Problem to work on ->
Starting from the top of the entries below and ending with the line containing "Caminh&atilde;o com oxig&ecirc;nio", restate every line word for word, pictures omitted.

Records supplied ->
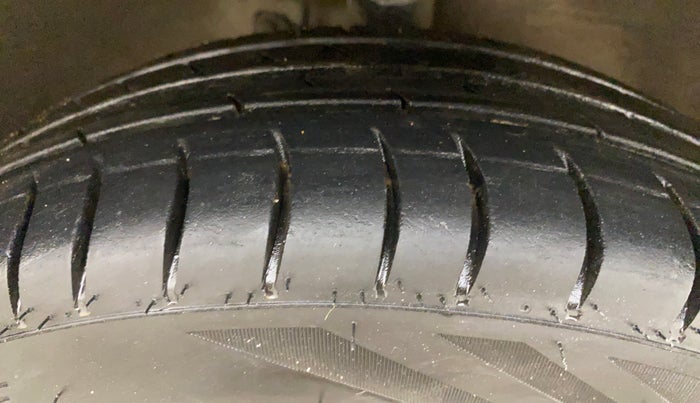 2017 Maruti Wagon R 1.0 VXI AMT, Petrol, Automatic, 41,037 km, Right Front Tyre Tread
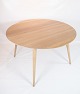 Spisebord i eg af dansk design fremstillet af Bruunmunch.5000m2 udstilling.
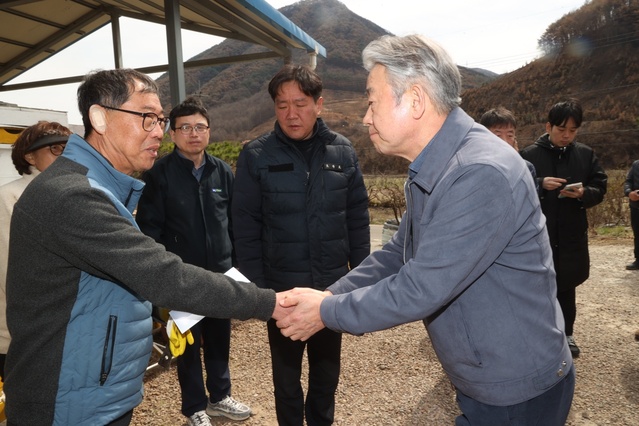 ▲ 강호동(오른쪽) 농협중앙회장이 산불 피해 농업인의 손을 잡고 위로하고 있다.ⓒ농협중앙회
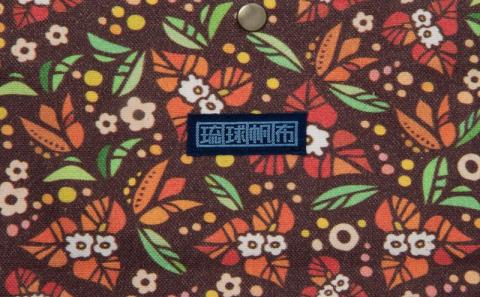 「琉球帆布」お散歩バッグ （POKKE104ブーゲンビリア） - 帆布 布 トート トートバッグ 人気 アーティスト イラストレーター Pokke104 池城由紀乃 おしゃれ レディース ファッション お出かけ かばん 鞄 手仕事 手づくり ハンドメイド 琉球帆布 伝統技術 沖縄県 八重瀬町【価格改定】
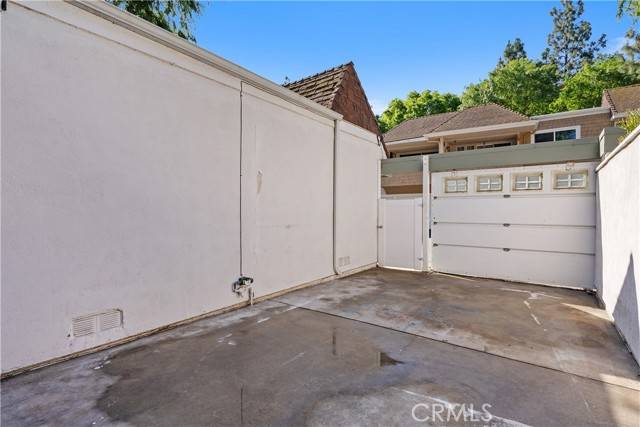 Laguna Hills, CA 92653,22085 Caminito Amor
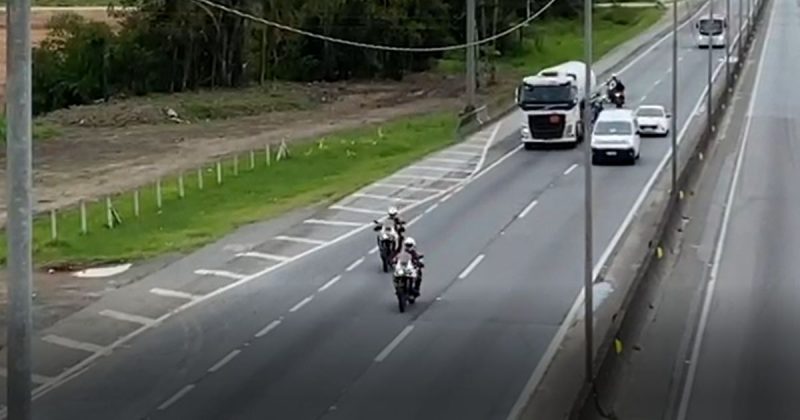 Caminh&atilde;o com oxig&ecirc;nio &eacute; escoltado pela Pol&iacute;cia Militar na BR-101 em Itaja&iacute; – Foto: Elias Gotaski/NDTV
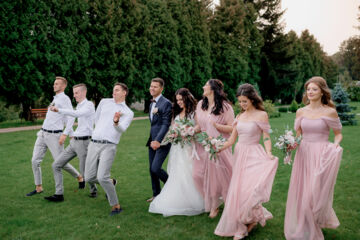 Tout savoir sur la tendance du “Second Bridesmaid Running”, un moment clé des mariages modernes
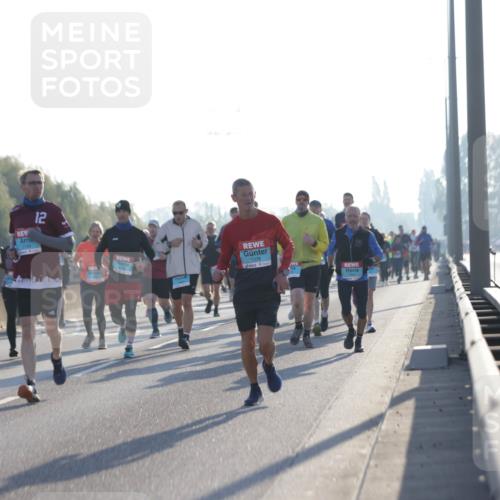 03.10.2025 - Köhlbrandbrückenlauf Jannik Wohlers http://msf.ph/oto/9069774 03.10.2025 09:17:13 Position 3 12 meine-sportfotos.de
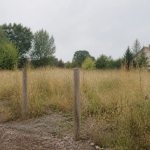 Terrain vague avec piquets delimitation et panneaux constructibles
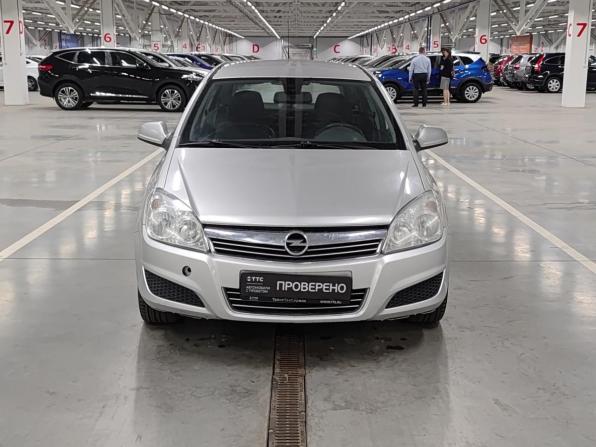 Opel Astra H Рестайлинг с пробегом 2013 года, цена 460 000 рублей, 229448 км, универсал, Автокод Объявления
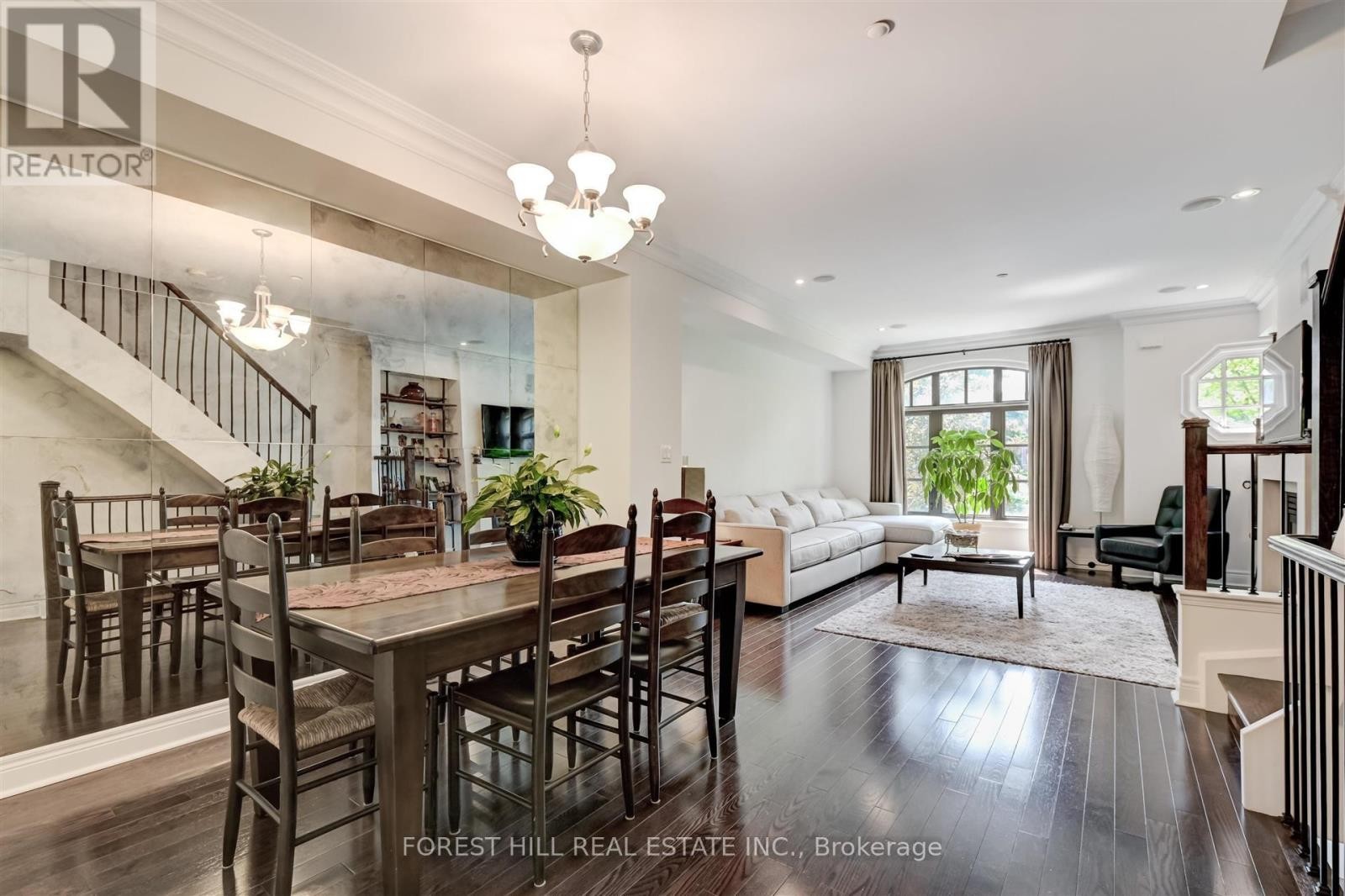 












111 POWSELAND CRESCENT

,
Vaughan (West Woodbridge),




Ontario
L4L0C5

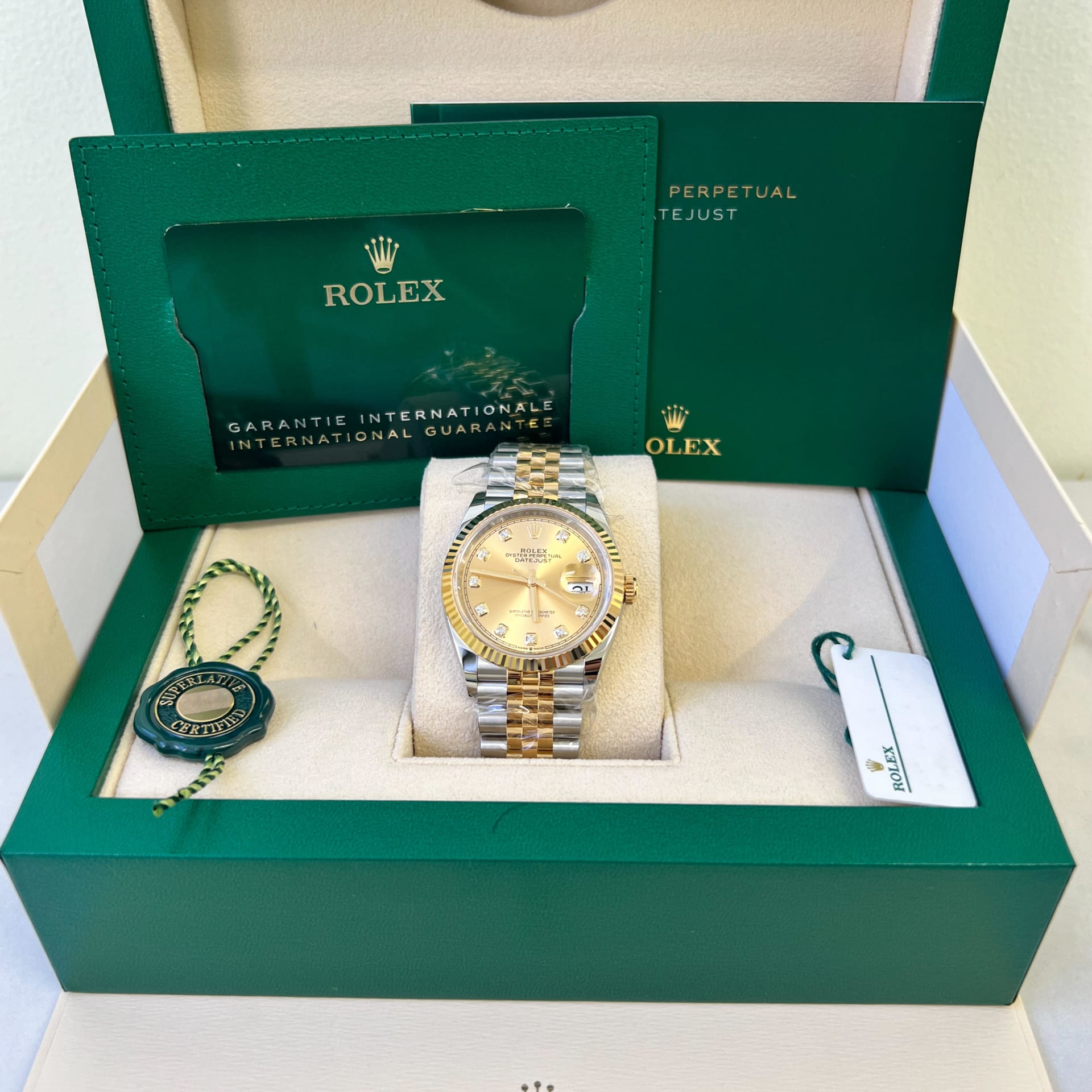 Rolex Datejust 6305 Yellow gold 1954 Exclusive Timepieces Lot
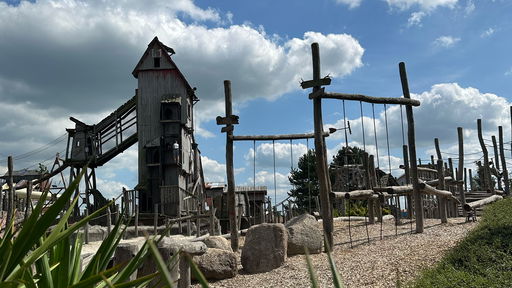 Grizzly Adventure - Grizzly Mountain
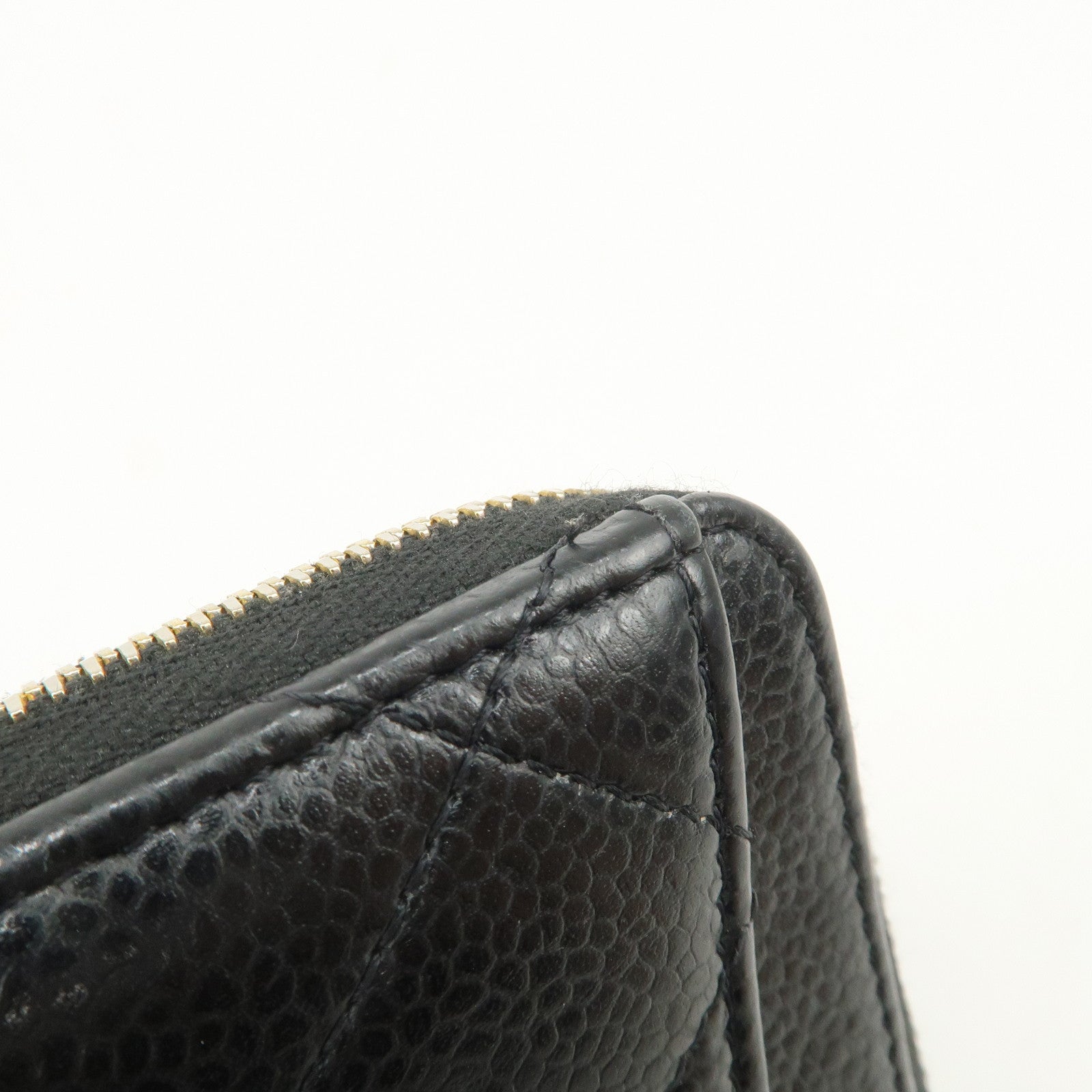 CHANEL Matelasse Caviarskin Classic Zippy Coin Case Black AP0216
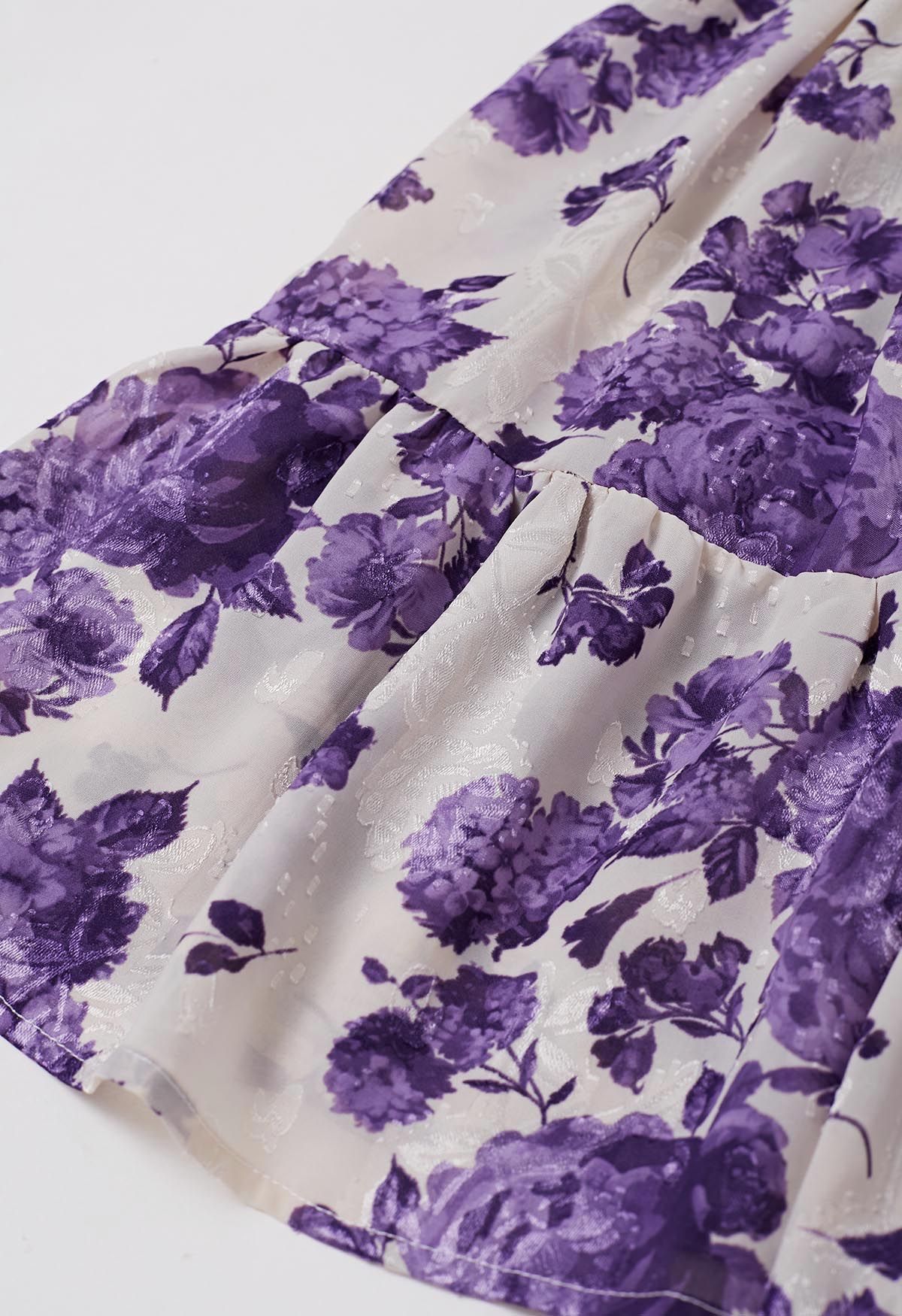 Vestido cruzado con volantes de jacquard floral morado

Solution to the exercise ->
 2017 Maruti Wagon R 1.0 VXI AMT, Petrol, Automatic, 41,037 km, Right Front Tyre Tread
 Spisebord i eg af dansk design fremstillet af Bruunmunch.5000m2 udstilling.
 ▲ 강호동(오른쪽) 농협중앙회장이 산불 피해 농업인의 손을 잡고 위로하고 있다.ⓒ농협중앙회
 「琉球帆布」お散歩バッグ （POKKE104ブーゲンビリア） - 帆布 布 トート トートバッグ 人気 アーティスト イラストレーター Pokke104 池城由紀乃 おしゃれ レディース ファッション お出かけ かばん 鞄 手仕事 手づくり ハンドメイド 琉球帆布 伝統技術 沖縄県 八重瀬町【価格改定】
 Laguna Hills, CA 92653,22085 Caminito Amor
 Caminh&atilde;o com oxig&ecirc;nio &eacute; escoltado pela Pol&iacute;cia Militar na BR-101 em Itaja&iacute; – Foto: Elias Gotaski/NDTV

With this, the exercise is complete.